BUB1 Is Essential for the Viability of Human Cells in which the Spindle Assembly Checkpoint Is Compromised.

机构信息

Oncode Institute, Divisions of Cell Biology and Biochemistry, the Netherlands Cancer Institute, Amsterdam, the Netherlands.
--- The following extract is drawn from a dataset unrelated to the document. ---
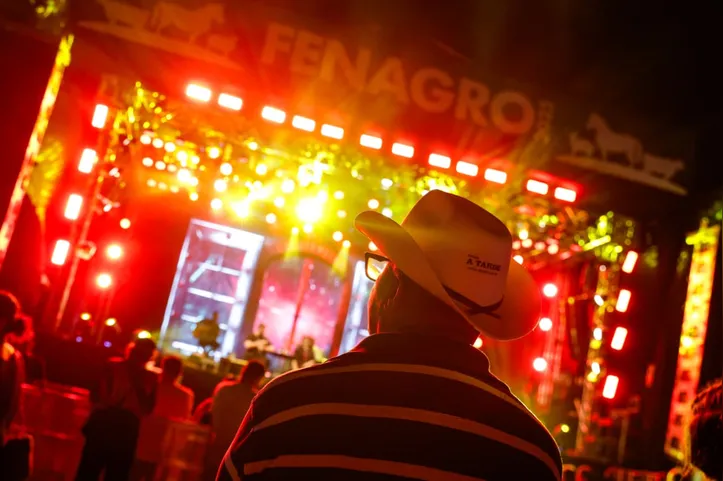 Imagem ilustrativa da imagem Luz Vermelha e Filomena Bagaceira incendiam Fenagro com forró e sofrência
Oncode Institute, Divisions of Cell Biology and Biochemistry, the Netherlands Cancer Institute, Amsterdam, the Netherlands.

出版信息

Cell Rep. 2018 Feb 6;22(6):1424-1438. doi: 10.1016/j.celrep.2018.01.034.

Abstract

The spindle assembly checkpoint (SAC) ensures faithful segregation of chromosomes. Although most mammalian cell types depend on the SAC for viability, we found that human HAP1 cells can grow SAC independently. We generated MAD1- and MAD2-deficient cells and mutagenized them to identify synthetic lethal interactions, revealing that chromosome congression factors become essential upon SAC deficiency. Besides expected hits, we also found that BUB1 becomes essential in SAC-deficient cells. We found that the BUB1 C terminus regulates alignment as well as recruitment of CENPF. Second, we found that BUBR1 was not essential in SAC-deficient HAP1 cells. We confirmed that BUBR1 does not regulate chromosome alignment in HAP1 cells and that BUB1 does not regulate chromosome alignment through BUBR1. Taken together, our data resolve some long-standing questions about the interplay between BUB1 and BUBR1 and their respective roles in the SAC and chromosome alignment.

摘要

纺锤体组装检查点 (SAC) 确保染色体的正确分离。虽然大多数哺乳动物细胞类型都依赖 SAC 来维持存活,但我们发现人类 HAP1 细胞可以在没有 SAC 的情况下生长。我们生成了 MAD1 和 MAD2 缺陷细胞,并对其进行诱变以鉴定合成致死相互作用,结果表明 SAC 缺陷时染色体汇聚因子变得必不可少。除了预期的命中外,我们还发现 BUB1 在 SAC 缺陷细胞中变得必不可少。我们发现 BUB1 的 C 端调节着着丝粒的对齐以及 CENPF 的募集。其次,我们发现 BUBR1 在 SAC 缺陷的 HAP1 细胞中不是必需的。我们证实 BUBR1 不会调节 HAP1 细胞中的染色体对齐,并且 BUB1 不会通过 BUBR1 调节染色体对齐。总之,我们的数据解决了一些关于 BUB1 和 BUBR1 之间相互作用及其在 SAC 和染色体对齐中的各自作用的长期存在的问题。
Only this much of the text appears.